At the front end, the set up is double wishbone with a fatter anti-roll bar, while damper rates all round have been revised. Again, the intent is to improve upon the road manners, particularly to improve stability at speed, and it seems that this has been achieved. The vehicle turns in with confidence and there’s a pleasing accuracy and assertiveness to the steering feel.

The overall height and towering 279mm ground clearance do influence cornering, but while body roll evinces earlier than in it would in a SUV, it will cope with some degree of heavy-handedness. The ESC, which has been tailored for loose surfaces, also does a good job of lending a helping hand without coming across as hamfisted and clattery. An unplanned full emergency stop was also a good opportunity to test some real-world braking performance: It did well.

Taking the PreRunner off formed roads and onto modest terrain wasn’t a challenge – the stability and traction controls seem smart enough to help the truck manage obstacles and surface conditions in which wheel-on-ground traction is not always certain. We also towed, taking a small utility trailer loaded with two sheep and three burly lambs to a neighbour’s farm as stage one of a resettlement drive that put one of the young ‘uns into our freezer. It was a decent load, if well short of the 3200kg cited maximum.

A sharp climbing left hand corner at the foot of my mate’s gravel drive provided the moment when we’d wished for all-wheel-drive; I’d been too cautious on first try and lost traction – so ended up with the ute simply wheelspinning its Dunlop Grandtracks uselessly.

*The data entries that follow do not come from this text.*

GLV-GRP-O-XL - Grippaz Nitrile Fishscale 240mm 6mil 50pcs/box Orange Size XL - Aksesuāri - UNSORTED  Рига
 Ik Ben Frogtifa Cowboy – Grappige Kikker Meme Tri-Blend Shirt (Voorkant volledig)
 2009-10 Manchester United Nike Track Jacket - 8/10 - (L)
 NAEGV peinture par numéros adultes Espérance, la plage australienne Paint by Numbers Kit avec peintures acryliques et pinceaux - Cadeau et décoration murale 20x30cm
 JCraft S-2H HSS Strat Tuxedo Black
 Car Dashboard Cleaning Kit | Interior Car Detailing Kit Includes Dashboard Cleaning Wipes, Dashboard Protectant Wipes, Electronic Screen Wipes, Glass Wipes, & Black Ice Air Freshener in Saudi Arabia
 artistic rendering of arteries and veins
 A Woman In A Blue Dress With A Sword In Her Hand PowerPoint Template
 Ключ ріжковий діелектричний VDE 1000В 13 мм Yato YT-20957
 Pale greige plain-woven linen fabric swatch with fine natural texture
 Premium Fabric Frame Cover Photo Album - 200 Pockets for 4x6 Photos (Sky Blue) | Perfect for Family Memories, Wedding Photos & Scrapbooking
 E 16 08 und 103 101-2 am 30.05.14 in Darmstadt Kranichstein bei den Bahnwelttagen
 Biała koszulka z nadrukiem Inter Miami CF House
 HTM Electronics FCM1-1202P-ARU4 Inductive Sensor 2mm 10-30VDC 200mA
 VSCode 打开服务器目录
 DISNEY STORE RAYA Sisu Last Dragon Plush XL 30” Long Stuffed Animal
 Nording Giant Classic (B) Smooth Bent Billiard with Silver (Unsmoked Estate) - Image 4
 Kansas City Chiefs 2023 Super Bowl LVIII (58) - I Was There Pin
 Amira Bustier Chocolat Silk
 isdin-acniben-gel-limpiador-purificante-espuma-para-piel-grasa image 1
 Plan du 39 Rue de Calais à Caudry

Not even the hill hold could help. A reverse back onto flat land and a better runup sorted the situation, but it did provide a reminder of what you are giving away. Having less pressure in the tyres (or some weight on the deck, which is rated for just under a tonne in this format) might have sorted this, also. On the other hand, the brief open road run between our properties reminded that the anti-sway electronics, that sense when large loads are wandering at speed and uses the ESC to regain control, is a good function.

How it compares:

No argument: Previous Hilux was in the market almost two years too long. It needed to get better – a lot better. Even so, the improvements that have arrived are really impressive; a reminder that, as Japan’s largest vehicle maker, Toyota isn’t one to do things by halves.

In saying that, within a fortnight of the Hilux being returned we were driving a Ford Ranger, in XLT four-wheel-drive doublecab format. That’s a very impressive truck whose mid-life improvements have made it even more compelling.

The PreRunner is a whole new game for Toyota and in the format we tried it is an admirable effort. There was plenty to like and it would certainly fit into our own semi-rural lifestyle.

It’s as rugged as the four-wheel-drive and, if you don’t expect to full explore the latter’s all-terrain ability, then the premium for four-wheel-drive over PreRunner - between $10,000 and $15,000 depending on model – simply shouldn’t be spent.

The notable quality of the new Hilux is its huge improvement in refinement. The combination of this, along with the family friendly comfort, makes the PreRunner a very valid foil to that Ranger HiRider that has been making all the difference for Ford.